In the supreme court of the United States, at the January term, 1846, in a case where a purser of the navy had been garnisheed, and seamen’s wages, for debts due by them, had been attempted to be attached in his hands for their satisfaction, Mr. Justice McLean, in delivering the opinion of that court, says: “ The important question is, whether the money in the hands of the purser, though due to the seamen for wages, was attachable. A purser, it would seem, cannot, in this respect, be distinguished from any other disbursing agent of the government. If the creditors of these seamen may, by process of attachment, divert the public money from its legitimate and appropriate object, the same thing may be done as regards the pay of our officers and men of the army, and of the navy, and also in every other caso where the public funds may be placed in the hands of an agent for disbursement. To state such a principle is to refute it; no government can sanction it. At all times it would be found embarrassing, and, under some circumstances, it might be fatal to the public service. The funds of the government are specifically appropriated to certain national objects, and if such appropriation may be diverted and defeated by State process, or otherwise, the functions of the government may be suspended. So long as money remains in the hands of a disbursing officer, it is as much the money of the United States as if it had not been drawn from the treasury.

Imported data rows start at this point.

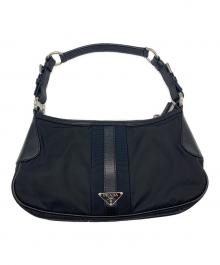 PRADA（プラダ）の古着「PRADA ナイロンワンショルダーバッグ」｜ブラック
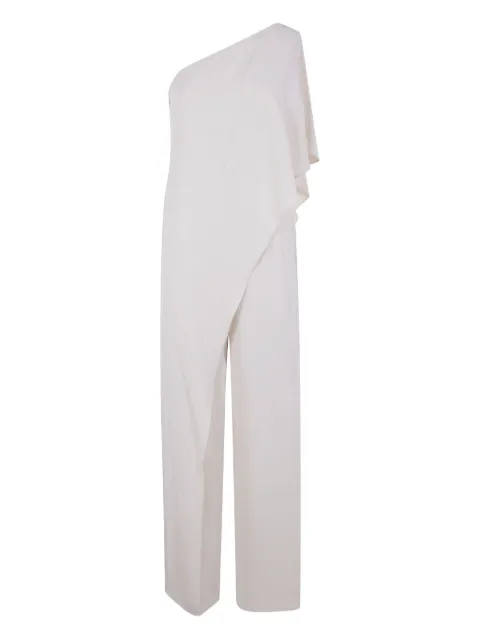 Lauren Ralph Lauren one-shoulder ruffled jumpsuit White 253909456097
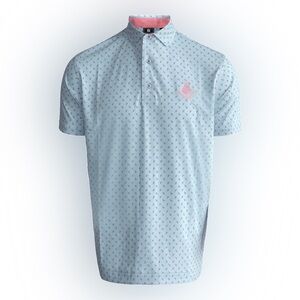 NWT Footjoy Flower Bud Foulard Polo Shirt - Skyway - Carnoustie Golf Links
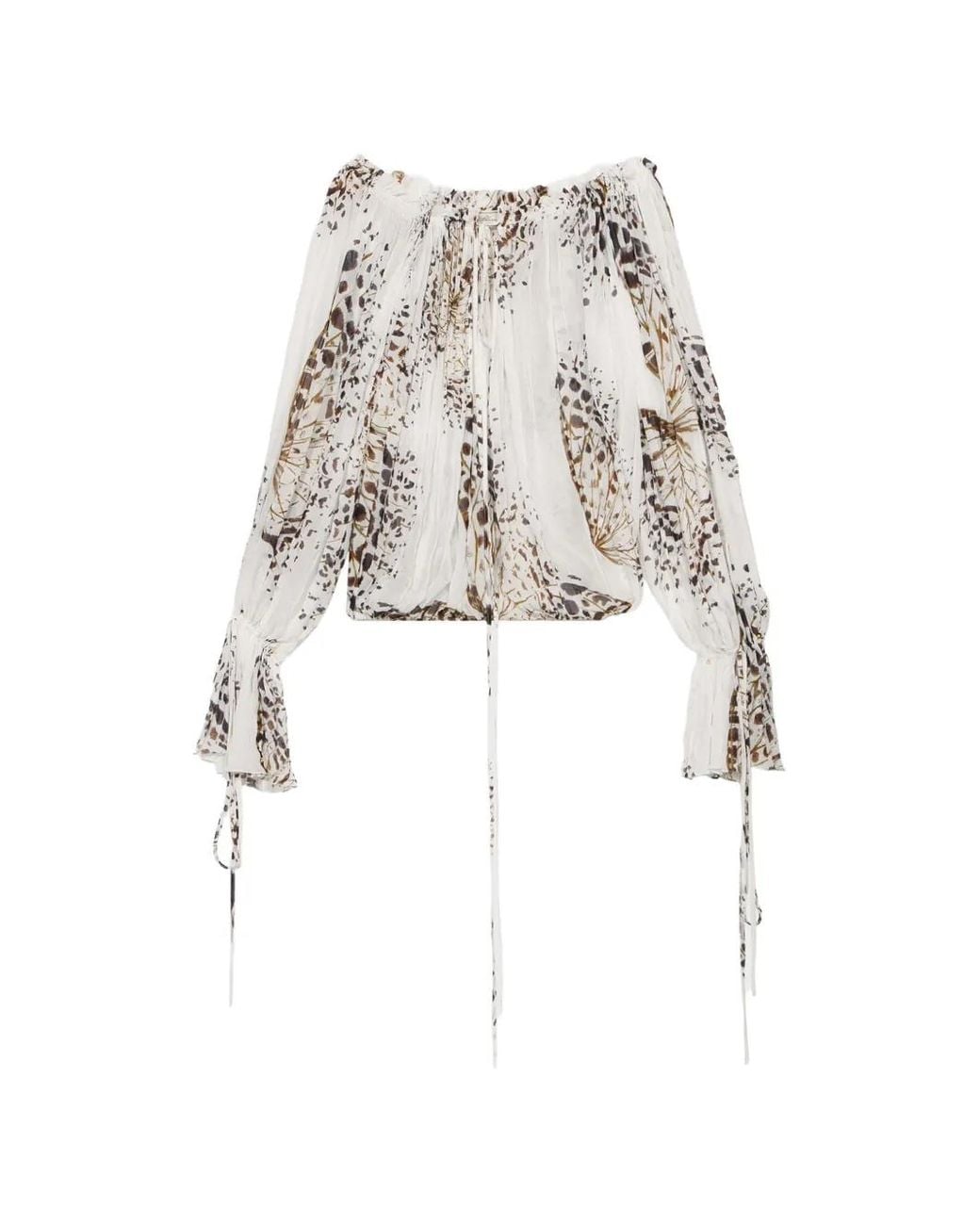 Blumarine White Long-Sleeves Blouse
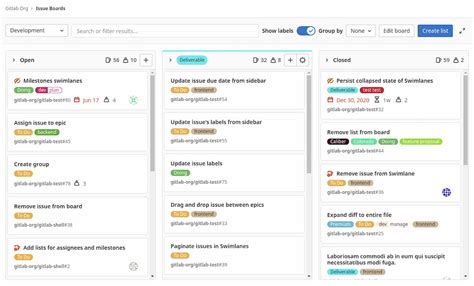 project management tools gitlab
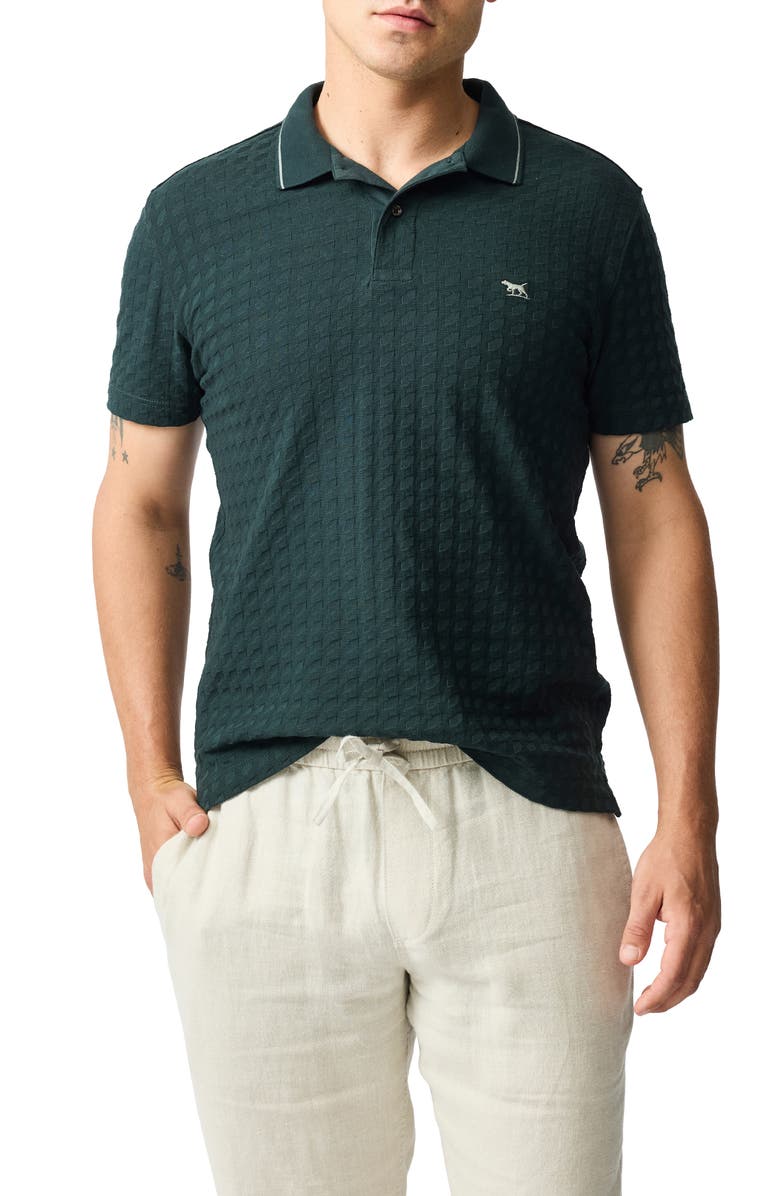 Rodd & Gunn Glen Albyn Geo Texture Cotton Polo, Main, color,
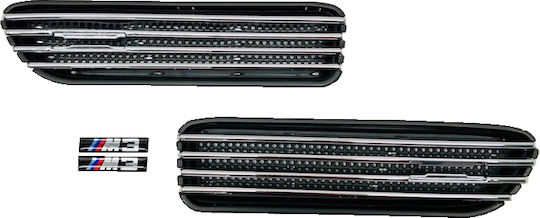 Carner Car Decorative Grill Black Color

Until paid over by the agent of the government to the person entitled to it, the *559fund cannot, in any legal sense, be considered a part of his effects. The purser is not the debtor of the seamen. It is not doubted that cases may have arisen in which the government, as a matter of policy or accommodation, may have aided a creditor of one who received money for public services; but this cannot have been under any supposed legal liability, asno such liability attaches to the government or to its disbursing officers.” And accordingly the cause was remanded to the State of Virginia, where it originated, with instructions for its dismissal.

This case, although different in its facts from that at bar, and the remarks of Judge McLean, which we have quoted, so firmly present the general considerations which prevent the establishment of the doctrine contended for by the plaintiffs in error, that we deem it unnecessary to examine and array the other considerations of minor import appropriately suggested by the Attorney General, some of which have been in principle sustained by the decisions of the State courts. 1 Ala. Rep. 398. Ib. 754.

Therefore, finding no error in the proceedings of the court below, its judgment must be affirmed with costs.